Maybe you know this joke: “How many tele skiers does it take to screw in a light bulb? Three. One to do it and two to stand at the bottom and say, ‘Nice turns, bro.’” This video, made a few years ago by someone named “AT Anonymous” and sent in to in 2003, has resurfaced because a guy named Tom Kracji saved it and uploaded it to YouTube last January. It’s brilliant, discussing the maker’s addiction to backcountry ski gear and asking the tough question: should he switch to an Alpine Touring set-up instead? He shares gems like “People say it has something to do with it being more graceful or soulful than regular skiing, and I kind of agree, don’t you? I mean, this is some graceful shit right here.” And “The backcountry is a place where there are no lifts, where you find a lot of telemark skiers.” Plenty of faceplants and deadpan humor make it worth your 11 minutes.

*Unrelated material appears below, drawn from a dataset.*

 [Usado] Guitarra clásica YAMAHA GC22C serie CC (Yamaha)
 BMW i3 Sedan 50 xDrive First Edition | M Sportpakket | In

Fifty Classic Ski Descents of North America

Say you get five books in your library. I pick Hemingway’s “Moveable Feast,” “The Great Rock (and roll) Discography,” by Martin C. Strong, “The Lord of the Rings Trilogy” (counts as one, because that’s how Tolkien wrote it), Darwin’s “On The Origin of Species” and now this: “Fifty Classic Ski Descents of North America.” In a coffee-table offering that is both awe-inspiring and relevant, authors Chris Davenport, Art Burrows and Penn Newhard have created something credible, compelling and cinematic — name another recent print product that does that! With the help of accomplished ski mountaineers such as Lou Dawson, Andrew McLean, Lowell Skoog and Jimmy Chin, they chronicle North America’s biggest and most-famous ski mountaineering faces. Some, like New Hampshire’s Tuckerman’s Ravine, have seen millions of tracks. Others, such as the North Face of Mt. Robson in British Columbia, have been skied only once. All are given the same treatment with super-short, spot-on commentary and incredibly well-picked photography that shows the character of the skiers and especially the mountains and descents themselves. Davenport single-handedly brought the storyline back to American off-piste skiing when in one year over 2006 and 2007, he climbed and skied from the summit of all 54 of Colorado’s 14,000-foot peaks. Here, the cast of skiers happily expands, as does the number of gorgeous descents.